Prototype theory proposes that categories are mentally represented by a single summary representation — the prototype — typically the central tendency (mean) of the experienced category members. New items are classified by computing their similarity to each category's prototype, with the most similar category winning. This contrasts with exemplar models, which store all individual instances.
The Prototype Model
Distance: d(x, μ_A) = [Σ wₖ|xₖ − μ_Aₖ|ʳ]^(1/r)
Similarity: s(x, μ_A) = exp(−c · d(x, μ_A))

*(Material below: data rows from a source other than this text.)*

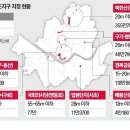 [단독] 북한산·서여의도 고도제한 완화 추진 이미지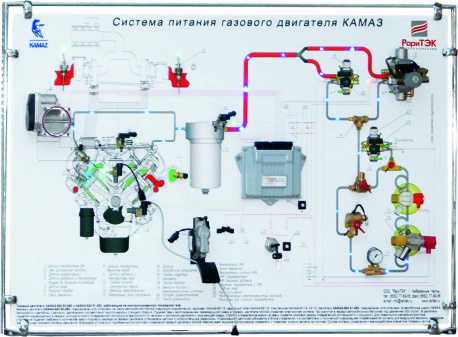 Стенд «Система питания газового двигателя»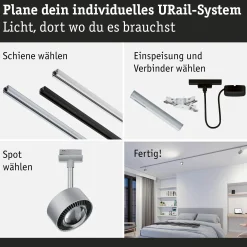 URail Schienenspot - Aldan Einzelspot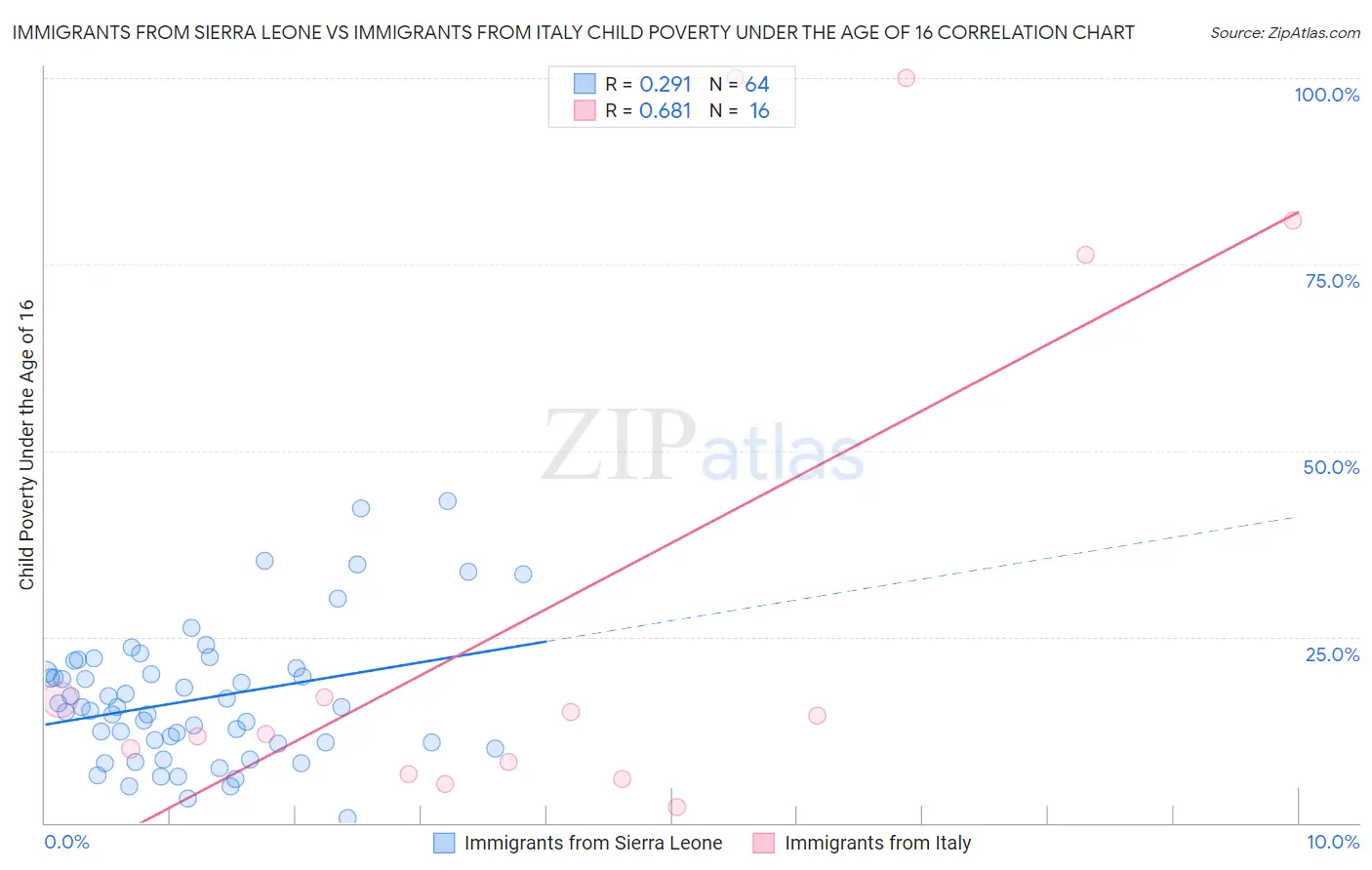 Immigrants from Sierra Leone vs Immigrants from Italy Child Poverty Under the Age of 16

P(A|x) = s(x, μ_A) / Σ_j s(x, μⱼ)
Prototype vs. Exemplar Debate
The prototype-exemplar debate has been one of the most productive in cognitive psychology. Prototypes are more computationally efficient (storing one point per category vs. all exemplars) and naturally produce typicality gradients. However, exemplar models (like the GCM) can also produce prototype-like behavior as an emergent property of summing over many exemplars, and they additionally capture sensitivity to within-category variability, frequency effects, and exception items that pure prototype models cannot.
Modern research suggests that both prototype and exemplar representations may be used, depending on category structure (rule-based categories may favor prototypes, information-integration categories may favor exemplars) and individual differences.